23 Sep 2013

ASB withdraws loan offers for deposits less than 20%

9:22 pm on 23 September 2013

In a shock move for many home hunters, ASB Bank is withdrawing all its loan pre-approvals for buyers with deposits of less than 20%.

It says the decision was prompted by the Reserve Bank's new restriction on how much banks can lend from next month.

From 1 October, banks will be allowed to have only 10% of new lending tied up with low deposit home loans as the bank tries to cool the housing market.
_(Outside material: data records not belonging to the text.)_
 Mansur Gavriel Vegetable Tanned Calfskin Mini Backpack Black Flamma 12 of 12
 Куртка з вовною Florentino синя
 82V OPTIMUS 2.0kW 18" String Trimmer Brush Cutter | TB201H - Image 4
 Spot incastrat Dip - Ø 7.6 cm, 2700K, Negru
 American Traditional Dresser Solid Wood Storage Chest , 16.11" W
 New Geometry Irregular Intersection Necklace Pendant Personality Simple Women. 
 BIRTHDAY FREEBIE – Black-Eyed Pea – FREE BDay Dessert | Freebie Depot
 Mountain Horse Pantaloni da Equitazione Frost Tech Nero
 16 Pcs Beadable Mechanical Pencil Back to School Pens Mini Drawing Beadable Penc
ASB's rules will come into effect on 4 October.

ASB Bank is apologising to customers, saying the decision will disappoint those who have a pre-approved home loan offer with a loan-to-value ratio of 80% or higher.

The bank has not said how many pre-approved loans and people are affected but is apologising for any inconvenience the move has caused.

It says it's encouraging affected customers to contact it to see if it can help with a new pre-approved loan with different deposit or property value criteria.

The ANZ, BNZ and the Co-operative Bank say they will continue to honour existing mortgage pre-approval commitments. Westpac says it is monitoring the situation and will do what is required to comply with the Reserve Bank rules.

Talk to bank promptly - broker

ASB told mortgage brokers on Monday morning about its move.

The head of the Prosper group of mortgage brokers in the upper North Island, Geoff Bawden, says it's not clear how many customers would be affected.

But he says any home buyers with a home loan pre-approval need to go back to their bank quickly and make sure that approval still stands.

'Unprecedented', says analyst

A senior lecturer in banking at Massey University, Claire Matthews, says the ASB's decision is unprecedented but so are the Reserve Bank rules that have prompted it.

She says those affected need to go back and talk to the bank.

"They may be able to get another pre-approval for a slightly smaller amount or under slightly different conditions but if they can't get that from ASB, then the option is to go to the other banks and see if they can help."